▶ _HOW TO COMPLETE THIS TASK_
Give back exactly the lines of the entries below from the line with "new 2025 Honda" to the line with "1996 Toyota Camry", inclusive, and only those.

▶ _Source data_

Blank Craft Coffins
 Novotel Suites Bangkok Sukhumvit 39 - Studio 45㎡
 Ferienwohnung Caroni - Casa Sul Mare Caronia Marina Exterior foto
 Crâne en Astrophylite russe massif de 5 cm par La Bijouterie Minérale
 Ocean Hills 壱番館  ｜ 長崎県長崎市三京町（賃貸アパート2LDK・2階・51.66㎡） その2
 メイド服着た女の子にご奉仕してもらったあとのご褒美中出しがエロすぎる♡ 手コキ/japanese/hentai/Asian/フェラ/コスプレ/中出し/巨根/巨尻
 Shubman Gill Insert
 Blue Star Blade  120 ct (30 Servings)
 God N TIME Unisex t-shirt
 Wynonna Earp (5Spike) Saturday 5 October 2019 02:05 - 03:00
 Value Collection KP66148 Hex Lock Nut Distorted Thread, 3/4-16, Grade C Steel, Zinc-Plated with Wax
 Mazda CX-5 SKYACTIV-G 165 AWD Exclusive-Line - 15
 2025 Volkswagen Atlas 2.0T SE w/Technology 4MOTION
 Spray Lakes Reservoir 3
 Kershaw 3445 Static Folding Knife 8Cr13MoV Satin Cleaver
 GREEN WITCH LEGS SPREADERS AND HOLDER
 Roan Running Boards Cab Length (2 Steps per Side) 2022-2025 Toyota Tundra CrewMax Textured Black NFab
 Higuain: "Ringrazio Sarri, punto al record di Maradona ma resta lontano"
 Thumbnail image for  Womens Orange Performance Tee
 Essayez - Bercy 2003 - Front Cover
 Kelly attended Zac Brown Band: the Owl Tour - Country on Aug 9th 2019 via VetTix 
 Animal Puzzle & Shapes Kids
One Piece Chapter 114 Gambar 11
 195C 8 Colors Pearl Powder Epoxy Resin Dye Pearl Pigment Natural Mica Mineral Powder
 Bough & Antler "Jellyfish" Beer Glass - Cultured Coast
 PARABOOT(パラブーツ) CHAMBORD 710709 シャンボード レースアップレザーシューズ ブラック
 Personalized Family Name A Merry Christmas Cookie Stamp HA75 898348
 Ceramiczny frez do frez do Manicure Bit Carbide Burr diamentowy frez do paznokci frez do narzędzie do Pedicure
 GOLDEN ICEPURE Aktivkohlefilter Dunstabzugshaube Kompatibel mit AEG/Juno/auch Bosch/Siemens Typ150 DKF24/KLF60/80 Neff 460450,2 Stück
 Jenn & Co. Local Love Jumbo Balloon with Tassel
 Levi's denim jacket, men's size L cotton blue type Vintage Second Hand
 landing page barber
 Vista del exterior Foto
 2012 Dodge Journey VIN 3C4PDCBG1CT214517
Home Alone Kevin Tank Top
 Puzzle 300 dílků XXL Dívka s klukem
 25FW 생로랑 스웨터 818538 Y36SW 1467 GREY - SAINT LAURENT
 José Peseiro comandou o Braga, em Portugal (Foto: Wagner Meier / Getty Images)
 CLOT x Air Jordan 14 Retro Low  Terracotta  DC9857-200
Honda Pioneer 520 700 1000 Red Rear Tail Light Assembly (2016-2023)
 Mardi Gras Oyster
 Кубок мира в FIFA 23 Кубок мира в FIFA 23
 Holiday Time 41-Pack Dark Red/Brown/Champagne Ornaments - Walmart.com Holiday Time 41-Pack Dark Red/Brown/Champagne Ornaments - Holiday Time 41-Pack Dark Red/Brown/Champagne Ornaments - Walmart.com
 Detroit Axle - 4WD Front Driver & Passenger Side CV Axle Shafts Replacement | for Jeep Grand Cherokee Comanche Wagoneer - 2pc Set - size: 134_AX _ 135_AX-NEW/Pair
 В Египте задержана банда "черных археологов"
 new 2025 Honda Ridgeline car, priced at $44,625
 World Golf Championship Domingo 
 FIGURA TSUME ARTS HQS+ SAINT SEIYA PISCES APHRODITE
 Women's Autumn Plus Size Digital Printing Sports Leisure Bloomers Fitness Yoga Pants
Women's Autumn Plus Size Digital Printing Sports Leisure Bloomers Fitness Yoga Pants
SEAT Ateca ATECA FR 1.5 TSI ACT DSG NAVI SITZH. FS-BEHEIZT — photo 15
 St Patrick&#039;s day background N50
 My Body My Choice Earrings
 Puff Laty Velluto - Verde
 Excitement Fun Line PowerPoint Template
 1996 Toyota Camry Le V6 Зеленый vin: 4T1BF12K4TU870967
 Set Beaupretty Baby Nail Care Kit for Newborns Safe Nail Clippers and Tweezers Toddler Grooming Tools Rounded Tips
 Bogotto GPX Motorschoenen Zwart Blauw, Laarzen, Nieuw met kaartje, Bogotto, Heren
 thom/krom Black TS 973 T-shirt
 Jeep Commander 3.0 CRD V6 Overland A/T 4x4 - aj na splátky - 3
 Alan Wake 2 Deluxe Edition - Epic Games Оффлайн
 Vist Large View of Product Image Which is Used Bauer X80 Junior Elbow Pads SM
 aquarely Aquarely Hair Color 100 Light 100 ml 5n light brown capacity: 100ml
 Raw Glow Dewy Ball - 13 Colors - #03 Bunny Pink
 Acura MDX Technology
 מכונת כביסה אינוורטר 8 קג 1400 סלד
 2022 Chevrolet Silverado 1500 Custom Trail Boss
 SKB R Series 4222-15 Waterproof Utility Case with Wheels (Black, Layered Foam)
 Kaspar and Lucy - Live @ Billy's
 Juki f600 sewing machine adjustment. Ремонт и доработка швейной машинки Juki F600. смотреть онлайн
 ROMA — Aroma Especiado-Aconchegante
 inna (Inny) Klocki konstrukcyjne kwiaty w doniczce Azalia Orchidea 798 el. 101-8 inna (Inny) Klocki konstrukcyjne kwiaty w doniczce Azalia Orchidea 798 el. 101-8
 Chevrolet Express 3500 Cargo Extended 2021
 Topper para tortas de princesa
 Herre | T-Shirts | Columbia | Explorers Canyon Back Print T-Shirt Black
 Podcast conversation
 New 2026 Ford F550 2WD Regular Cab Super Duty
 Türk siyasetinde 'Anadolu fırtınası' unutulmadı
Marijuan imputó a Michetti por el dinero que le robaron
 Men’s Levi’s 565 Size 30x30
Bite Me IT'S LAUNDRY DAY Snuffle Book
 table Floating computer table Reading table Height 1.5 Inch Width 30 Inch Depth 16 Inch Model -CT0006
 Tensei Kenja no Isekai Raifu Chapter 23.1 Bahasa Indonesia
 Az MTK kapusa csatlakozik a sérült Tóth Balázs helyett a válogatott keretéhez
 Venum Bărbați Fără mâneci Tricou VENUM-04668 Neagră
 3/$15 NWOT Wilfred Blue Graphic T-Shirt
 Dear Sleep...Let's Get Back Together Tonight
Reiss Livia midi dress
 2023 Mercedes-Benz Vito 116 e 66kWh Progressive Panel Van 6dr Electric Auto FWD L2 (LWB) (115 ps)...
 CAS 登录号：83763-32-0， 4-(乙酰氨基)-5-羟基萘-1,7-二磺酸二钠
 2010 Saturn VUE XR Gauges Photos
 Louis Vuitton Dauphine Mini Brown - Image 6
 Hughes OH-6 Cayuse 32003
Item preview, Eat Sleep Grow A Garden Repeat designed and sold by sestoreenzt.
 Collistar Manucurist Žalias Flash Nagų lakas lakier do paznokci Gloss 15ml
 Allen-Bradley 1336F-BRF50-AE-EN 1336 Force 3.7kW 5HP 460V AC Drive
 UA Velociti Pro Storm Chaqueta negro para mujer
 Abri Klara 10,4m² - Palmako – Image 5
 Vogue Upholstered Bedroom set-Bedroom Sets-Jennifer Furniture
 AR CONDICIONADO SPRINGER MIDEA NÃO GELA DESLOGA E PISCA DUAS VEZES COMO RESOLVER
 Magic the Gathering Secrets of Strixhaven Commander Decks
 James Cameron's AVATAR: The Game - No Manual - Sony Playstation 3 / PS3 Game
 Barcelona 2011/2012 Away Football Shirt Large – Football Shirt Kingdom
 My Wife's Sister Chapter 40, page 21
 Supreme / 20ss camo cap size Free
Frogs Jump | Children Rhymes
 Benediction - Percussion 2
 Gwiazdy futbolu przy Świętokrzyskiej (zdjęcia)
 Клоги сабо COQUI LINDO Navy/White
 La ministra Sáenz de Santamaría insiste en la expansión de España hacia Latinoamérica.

▶ _ANSWER BOX_
 new 2025 Honda Ridgeline car, priced at $44,625
 World Golf Championship Domingo 
 FIGURA TSUME ARTS HQS+ SAINT SEIYA PISCES APHRODITE
 Women's Autumn Plus Size Digital Printing Sports Leisure Bloomers Fitness Yoga Pants
Women's Autumn Plus Size Digital Printing Sports Leisure Bloomers Fitness Yoga Pants
SEAT Ateca ATECA FR 1.5 TSI ACT DSG NAVI SITZH. FS-BEHEIZT — photo 15
 St Patrick&#039;s day background N50
 My Body My Choice Earrings
 Puff Laty Velluto - Verde
 Excitement Fun Line PowerPoint Template
 1996 Toyota Camry Le V6 Зеленый vin: 4T1BF12K4TU870967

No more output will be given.